Note that this code aligns the variable names and the variable labels in the text. This makes it easy to read the labeling as a programmer.

Labels from SurveyCTO

SurveyCTO automatically labels variables using questions from the survey instrument. However, Stata allows labels a maximum of only 80 characters, which means SurveyCTO imports often truncate the labels. For tips on how to attach information longer than 80 characters see the variable notes guide.

Stata Storage of Variable Labels

Stata can use value label data using the extended macro functions (see h extended_fcn). The following code calls a variable label and assigns it to a local.

*Call variable label of variable "var"
local vlab : variable label var

This information can be searched conditionally. If, for example, you wanted to only apply a function to variables in the “QA” section of the survey defined in “Systematizing Labels” section in this article, you could check to see if the label starts with “[QA.”:


foreach var of varlist _all {
    if regexm("`: variable label var'", "^\[QA") {
        [do something]
    }
    // end if regexm("`: variable label var'", "^\[QA\.") {
}
// end foreach var in `r(varlist)

Variable metadata

Sometimes you want to attach information or other labeling that is longer than Stata allows (labels are capped at 80 characters). If this is the case, you can store the full desired label into the variable notes or characteristics. Both notes and characteristics can describe variables or the dta file.

Notes

One variable can have multiple notes. Add notes into variables by typing note VARIABLE : "Note". For example, for variable VARIABLE the note note was added. To display the notes stored in one variable just type “notes VARIABLE”. Stata also stores notes as locals and you can call them using `VARIABLE[note1]'. Stata numbers these notes based on the order in which it receives them. You can modify and delete note ordering with the note command (see help notes in Stata).
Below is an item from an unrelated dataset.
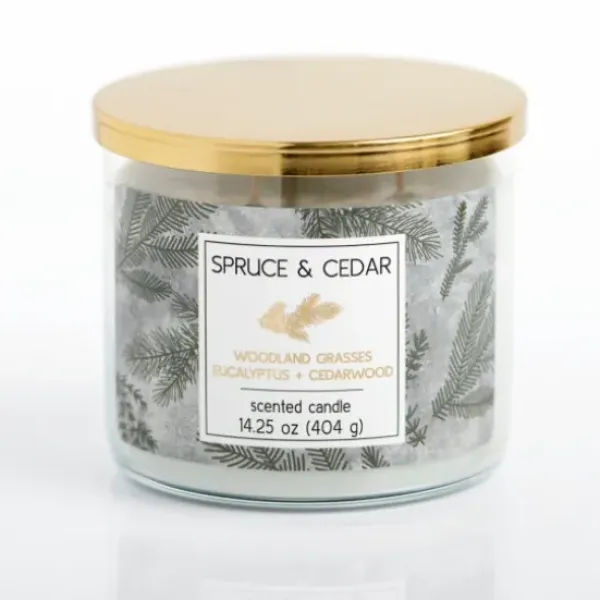 Candles-Kirkland's Home Spruce And Cedar Triple Wick Jar Candle Gray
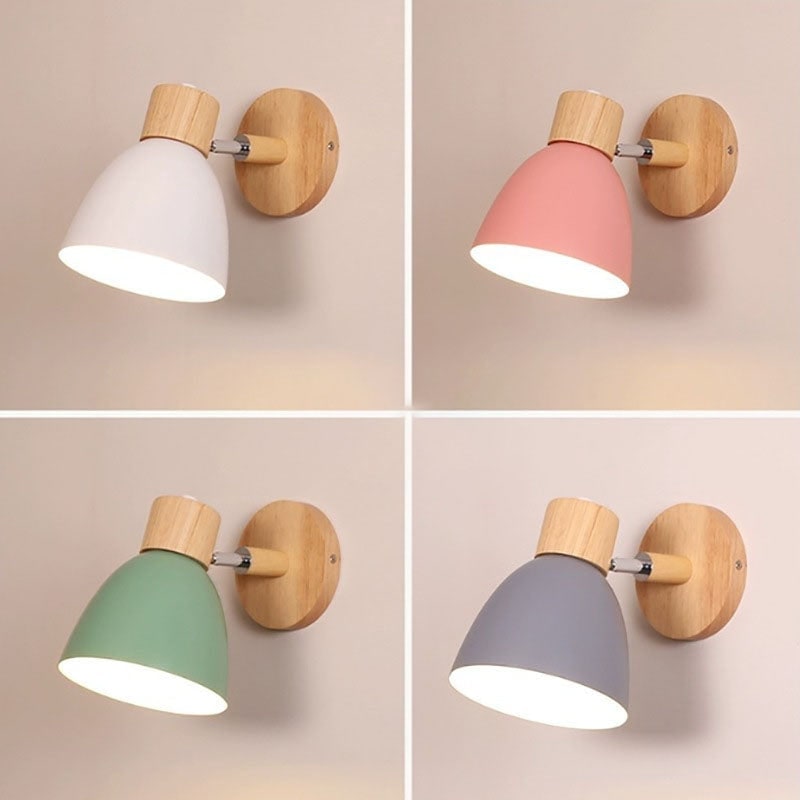 Adjustable Wall Sconce with Wooden Base and Swing Arm for Bedside Reading Light - Image 30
Survey CTO includes the full text of the question from the survey instrument as variable notes (as well as the truncated questions as variable labels) as part of the import do file. These notes will always be in the downloaded language. They will not contain filled values for the respondent that are produced as the result of calculate fields.

If you have changed or converted variable labels as part of a data transformation, you can convert notes into labels by looping through variables and using the stored local for notes:

*Loop through each variable in the varlist VARIABLES
foreach var of varlist VARIABLES {
    label var `var' ``var'[note1]'
}

The char command

Additional information can be added using characteristics, which function similarly to notes. The Stata manual describes characteristics as “an arcane feature of Stata [that] are great use to Stata programmers.” Many commands use and define specific named characteristics to attach metadata. Characteristics (type help char in Stata) can describe variables and the dataset itself.

The main difference between characteristics and notes is that the char command requires a name for each characteristic. Whereas note VARIABLE : "Note" creates the next sequential note (1 if the first note, 2 if the second, etc.), char explicitly requires a character name, “charname” in the following code: char define VARIABLE[charname] "Note". This can be useful for saving labels in multiple languages. These characteristics can then be called by name, instead of an arbitrarily assigned number.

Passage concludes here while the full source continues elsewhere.